● WHAT THE TASK ASKS
Without including any pictures, write out the listing below exactly.

● RECORDED DATA

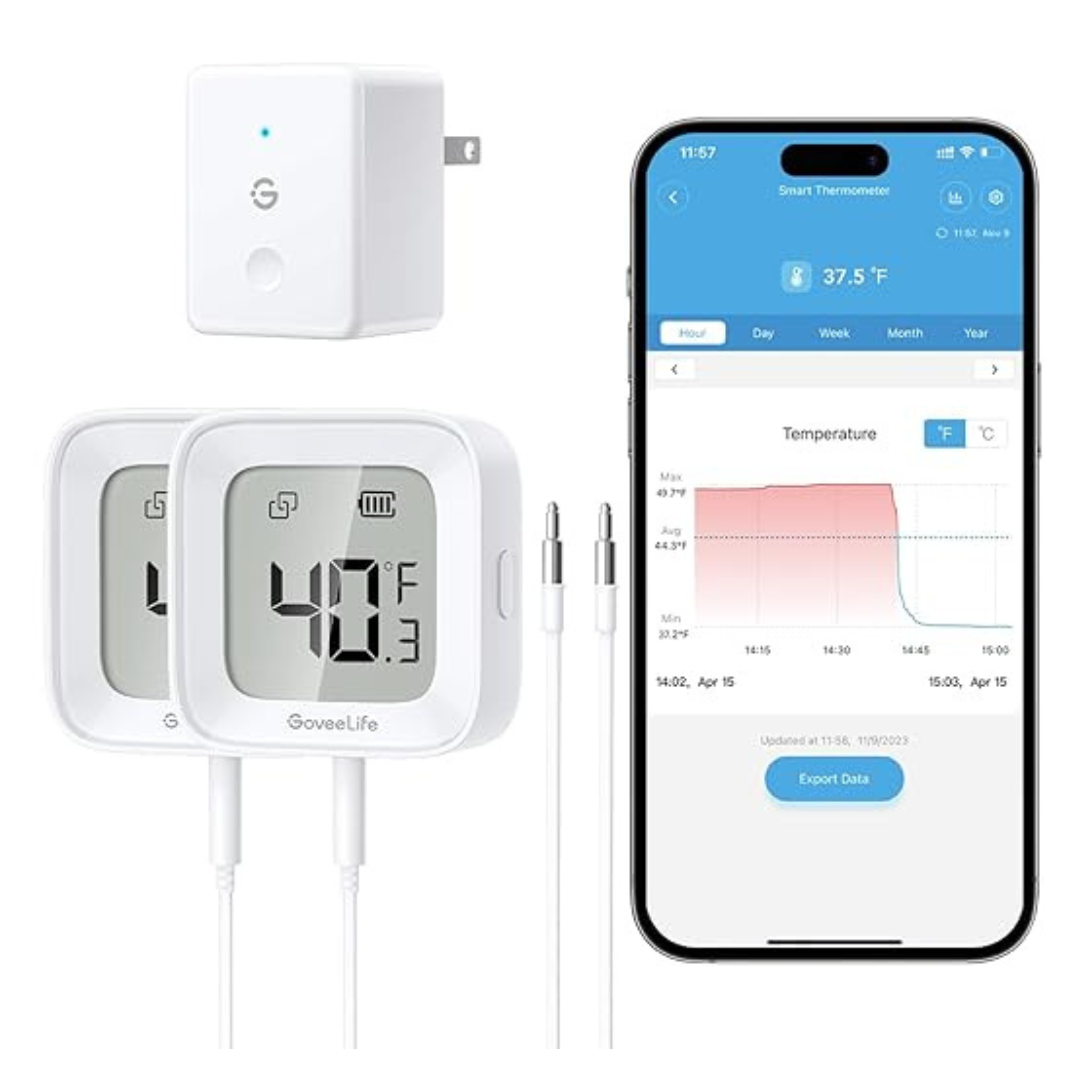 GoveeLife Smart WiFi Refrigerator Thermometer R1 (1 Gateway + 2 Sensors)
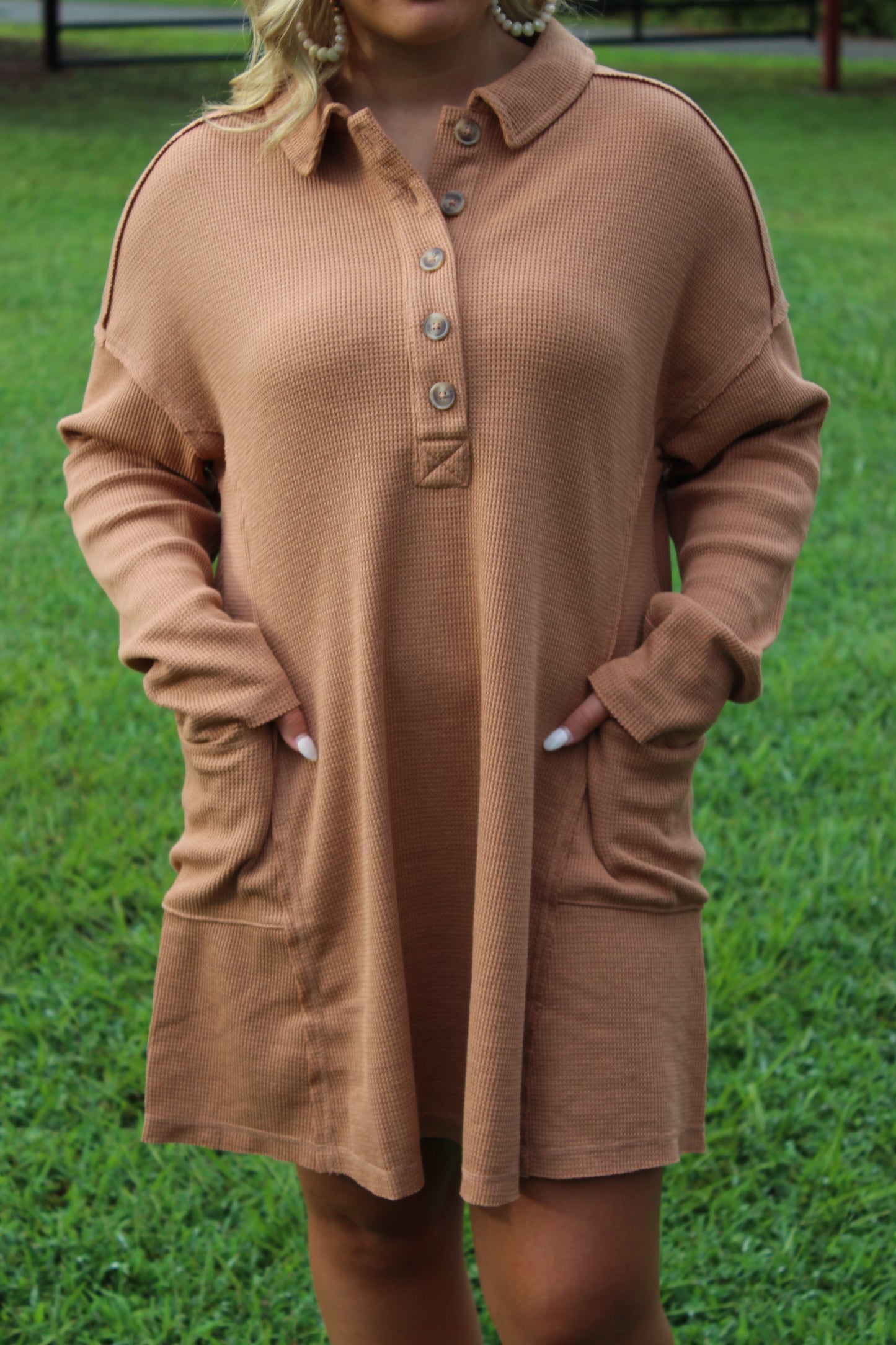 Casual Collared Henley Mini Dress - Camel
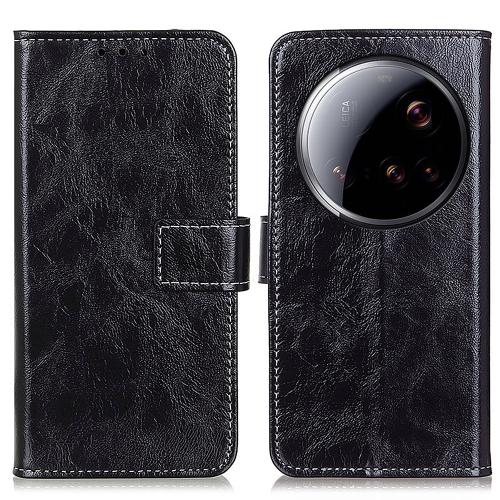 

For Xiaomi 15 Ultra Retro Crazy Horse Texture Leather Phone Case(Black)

● EXERCISE ANSWER
 GoveeLife Smart WiFi Refrigerator Thermometer R1 (1 Gateway + 2 Sensors)
 Casual Collared Henley Mini Dress - Camel

For Xiaomi 15 Ultra Retro Crazy Horse Texture Leather Phone Case(Black)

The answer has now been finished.